SUPPLIED DATA
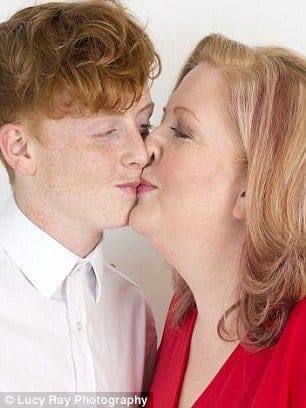 Pdf of mom kissing child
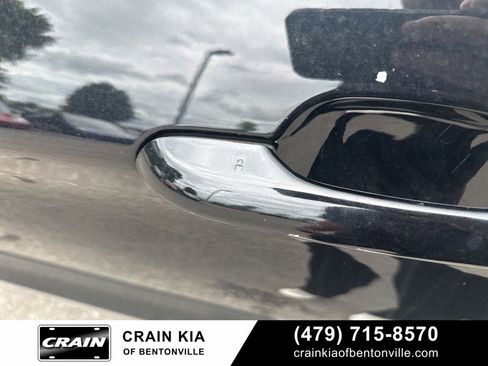 Used 2020 Ford Explorer XLT RWD image 11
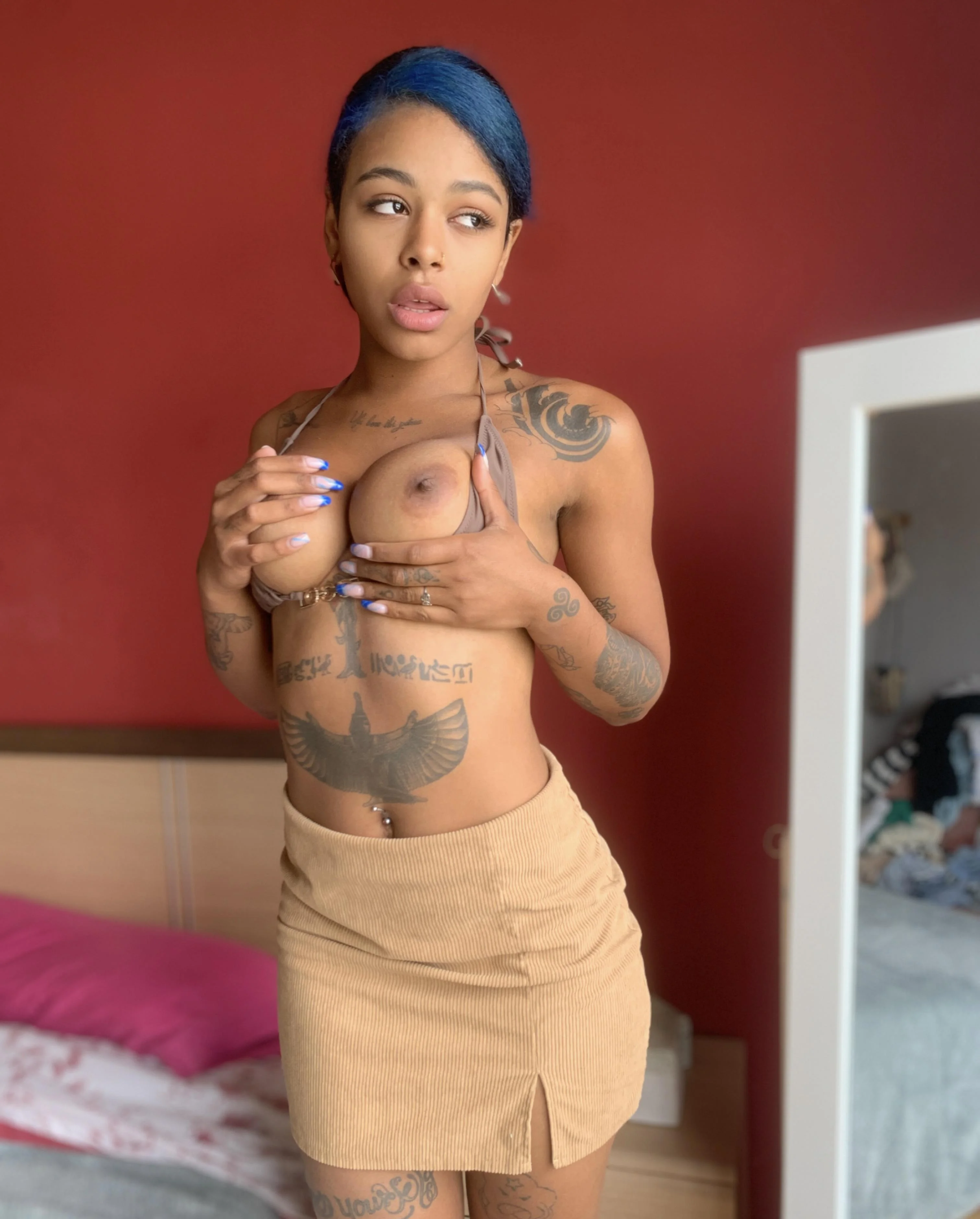 I'm Cleopathra the horny college slut, waiting to flood your inbox with my juicy nudes - say YES now! picture 1 of 1
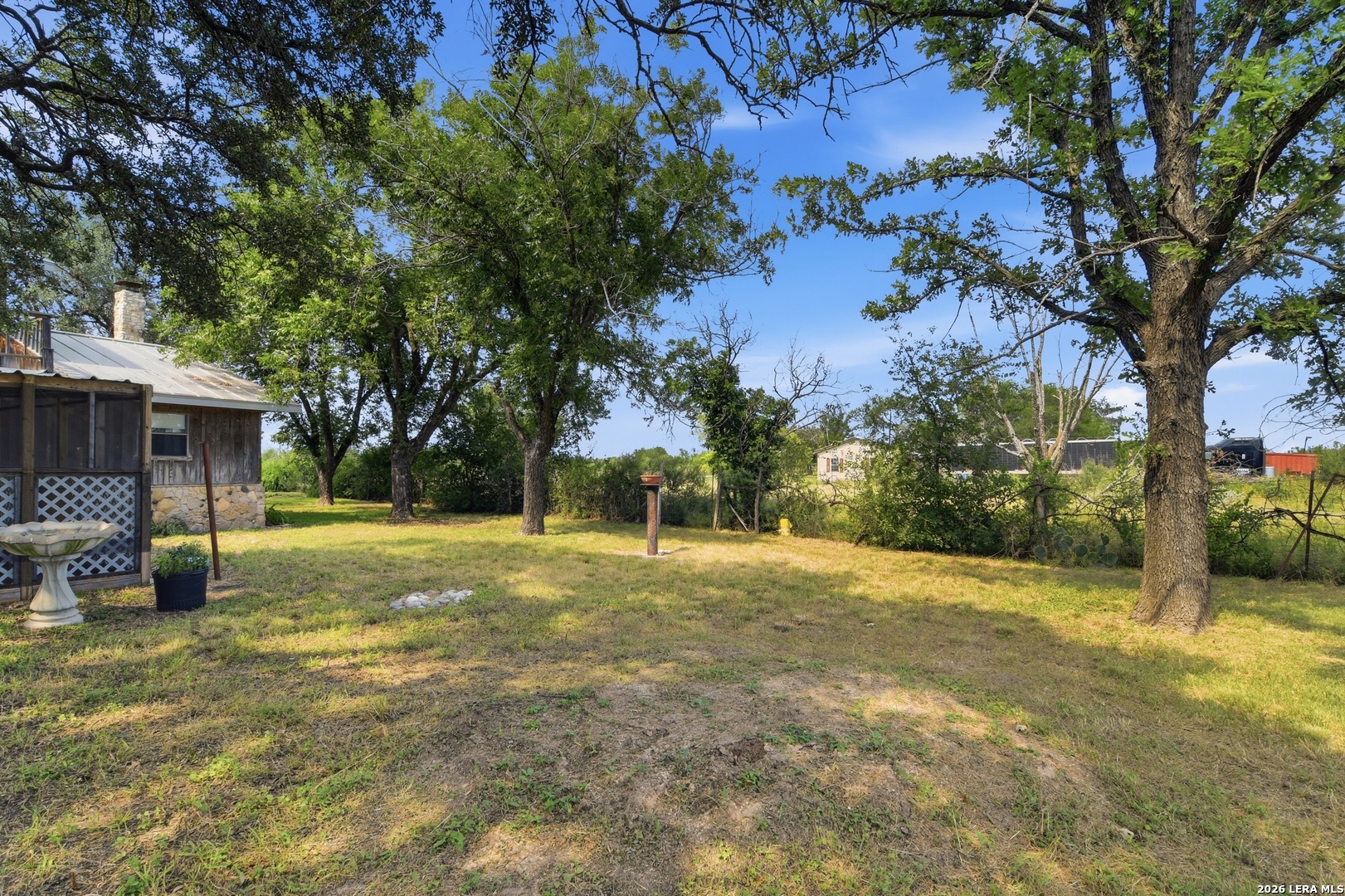main property photo 36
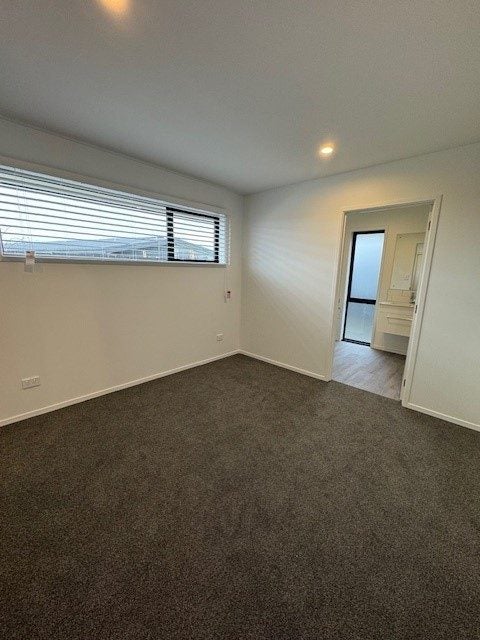 5 Packers Lane, Belfast, Christchurch - Carousel 15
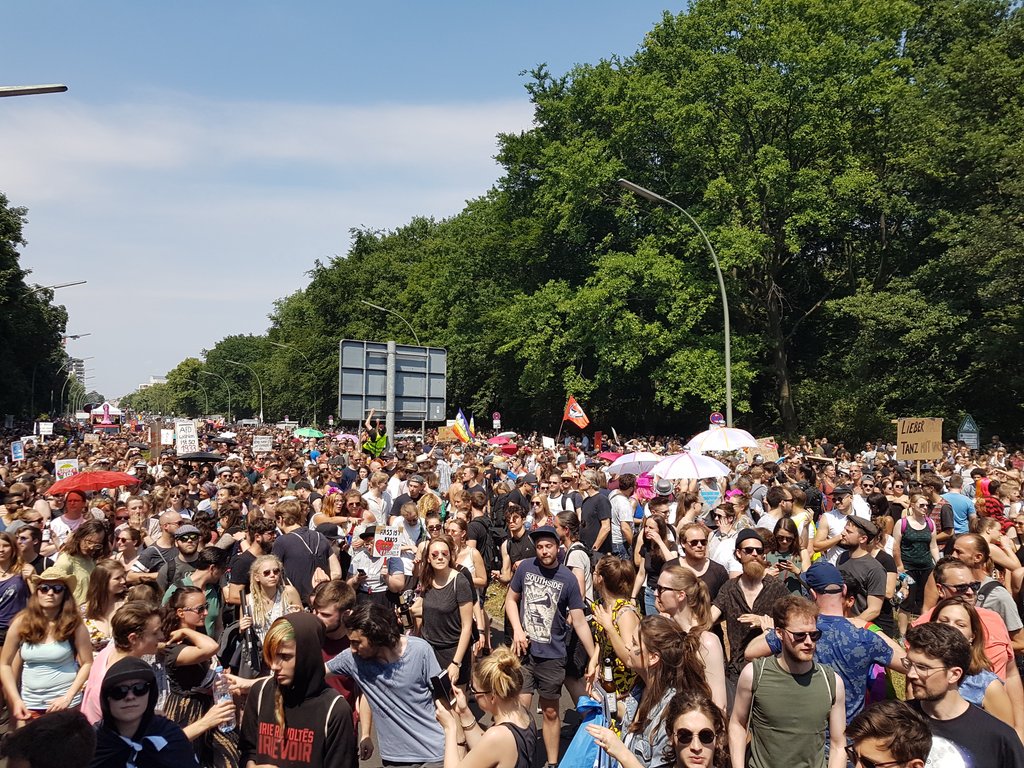 JbrBrock's tweet photo. Es sind... ähm....viele! 
#afdwegbassen #b2705 https://t.co/7Cirgv2ct1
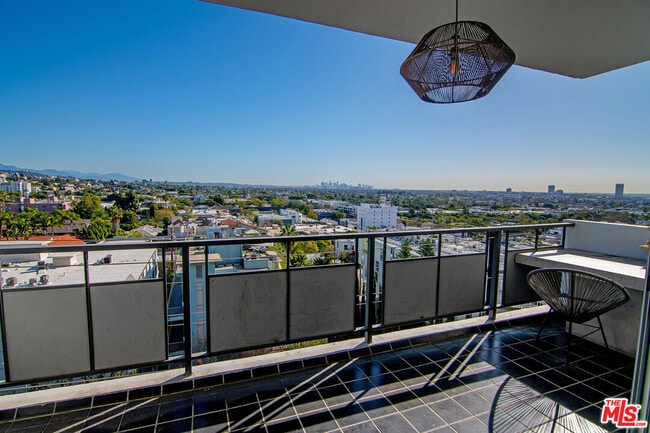 Building Photo - 1155 N La Cienega Blvd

WHAT YOU WILL DO
What is needed is an exact copy of every line from the one with "main property photo 36" to the end of the listing above, with the pictures left out.

RESULT FOR THIS EXERCISE
main property photo 36
 5 Packers Lane, Belfast, Christchurch - Carousel 15
 JbrBrock's tweet photo. Es sind... ähm....viele! 
#afdwegbassen #b2705 https://t.co/7Cirgv2ct1
 Building Photo - 1155 N La Cienega Blvd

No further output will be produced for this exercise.